━━━━━ Records supplied ━━━━━
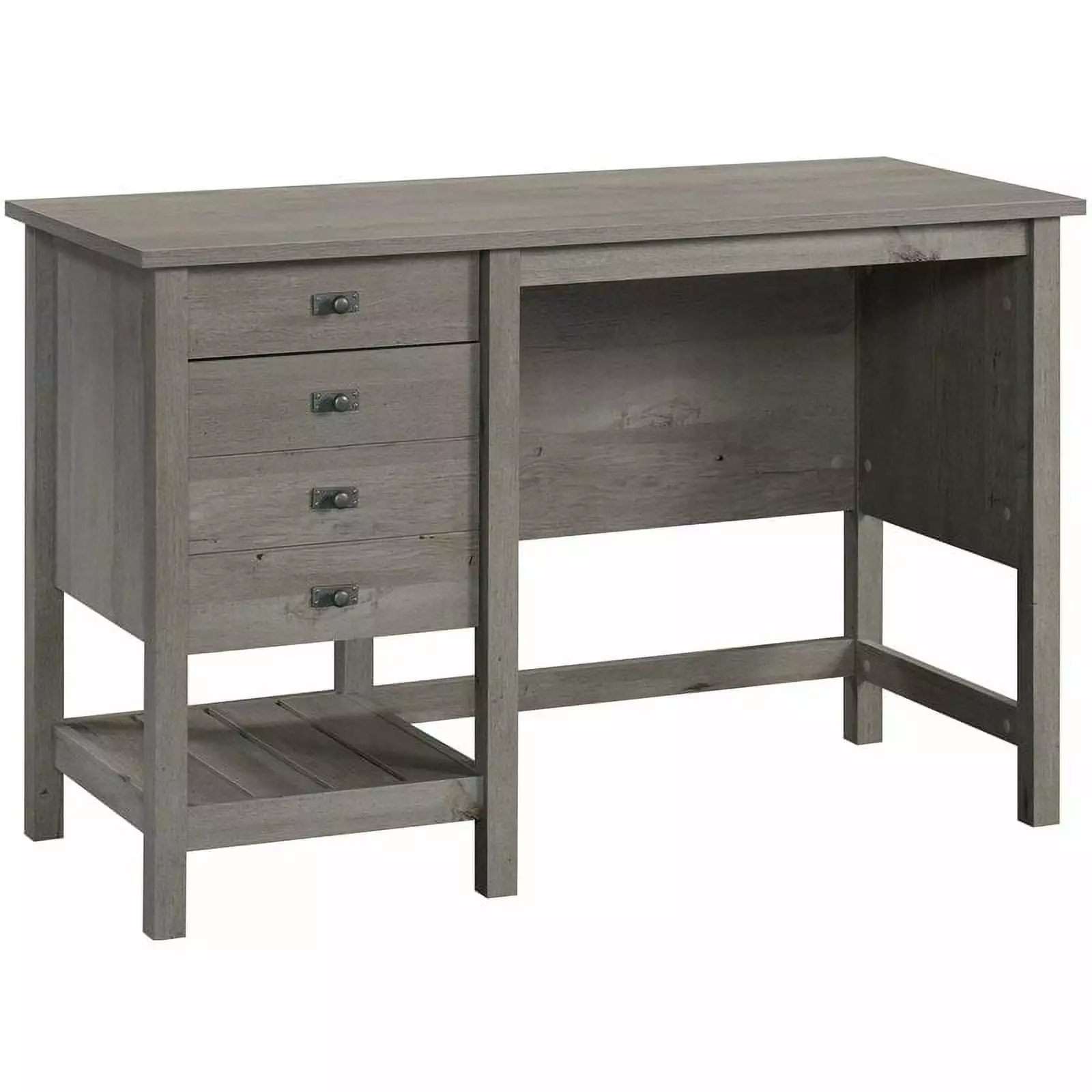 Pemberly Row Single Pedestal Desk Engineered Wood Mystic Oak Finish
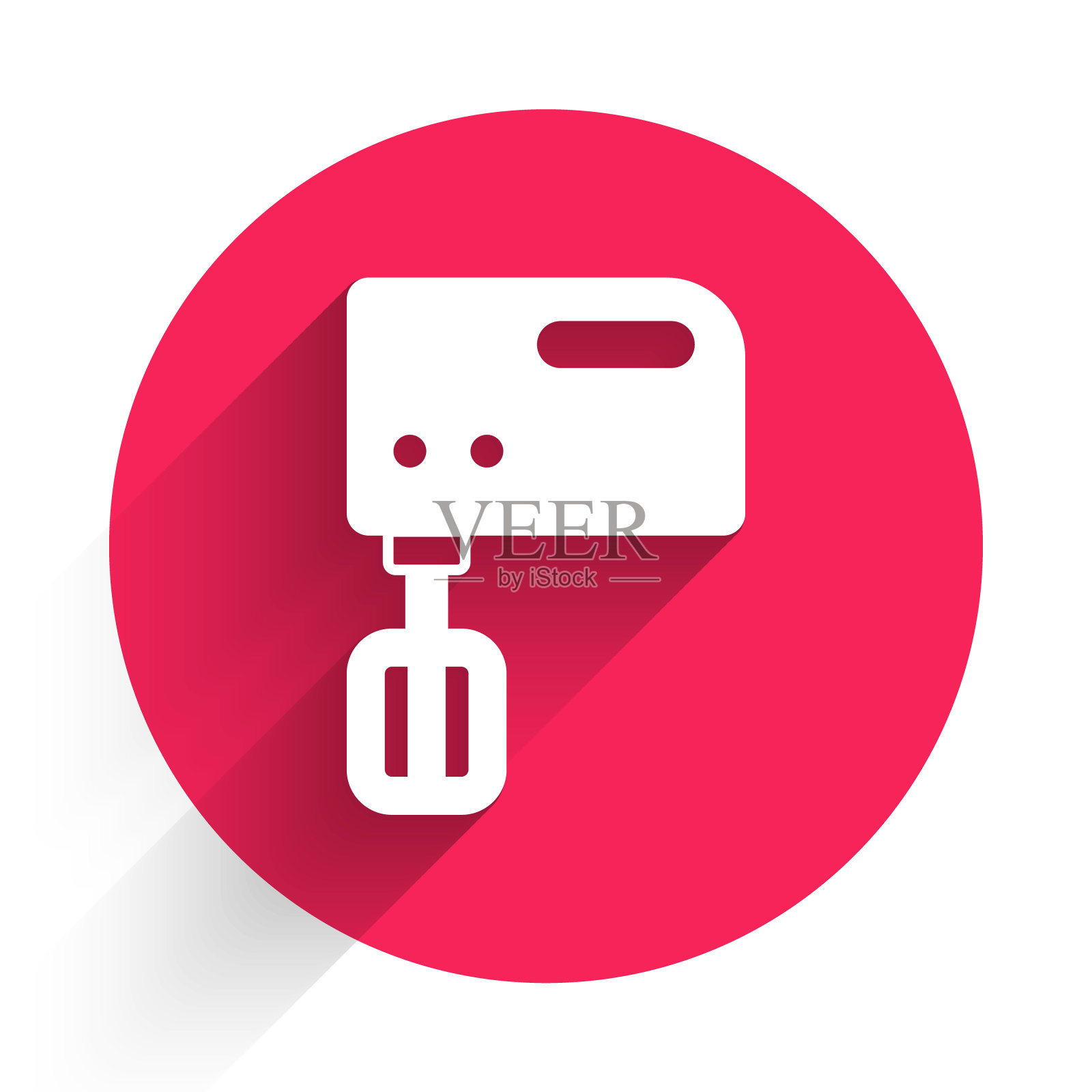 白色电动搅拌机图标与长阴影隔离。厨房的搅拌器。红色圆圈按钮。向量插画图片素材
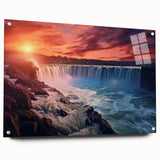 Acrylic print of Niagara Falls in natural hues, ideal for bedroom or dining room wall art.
━━━━━
━━━━━ Records supplied ━━━━━
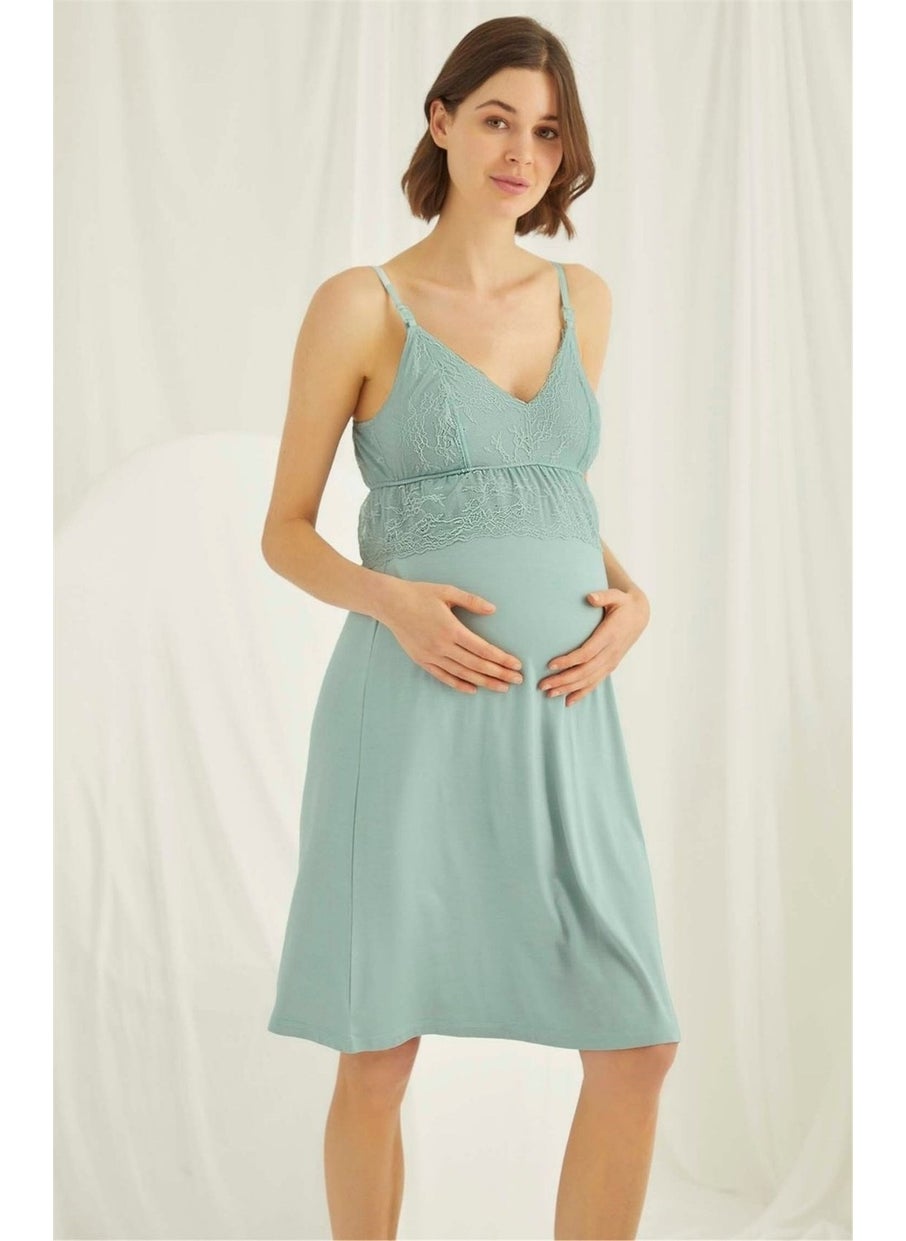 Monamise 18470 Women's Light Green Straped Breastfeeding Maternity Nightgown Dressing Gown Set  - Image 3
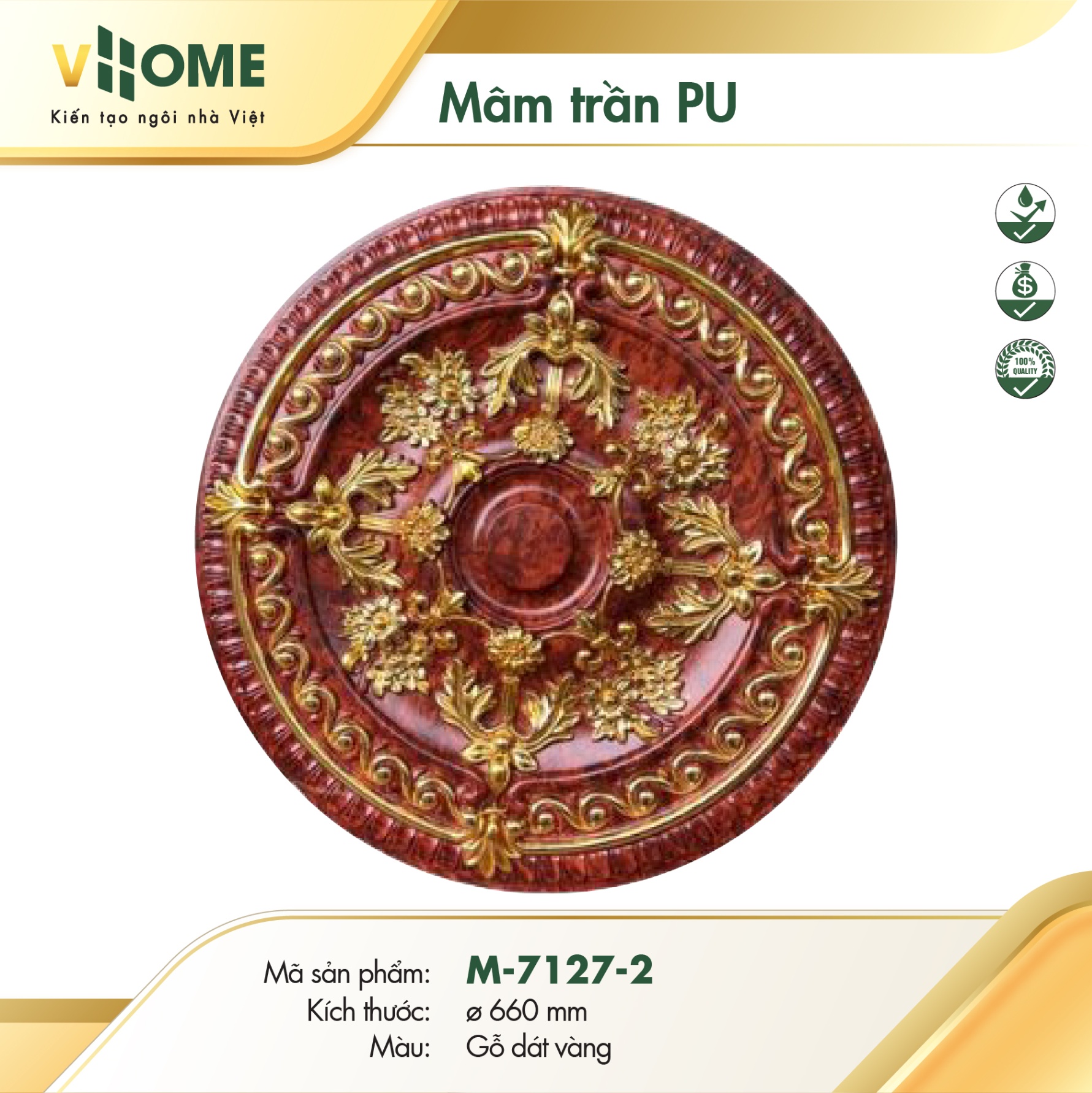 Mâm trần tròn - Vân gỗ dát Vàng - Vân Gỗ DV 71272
━━━━━
Assignment:
Leaving out each picture, repeat exactly the lines above from the one that contains "白色电动搅拌机图标与长阴影隔离。厨房的搅拌器。红色圆圈按钮。向量插画图片素材" through the one that contains "Acrylic print of".

Response to this exercise:
 白色电动搅拌机图标与长阴影隔离。厨房的搅拌器。红色圆圈按钮。向量插画图片素材
 Acrylic print of Niagara Falls in natural hues, ideal for bedroom or dining room wall art.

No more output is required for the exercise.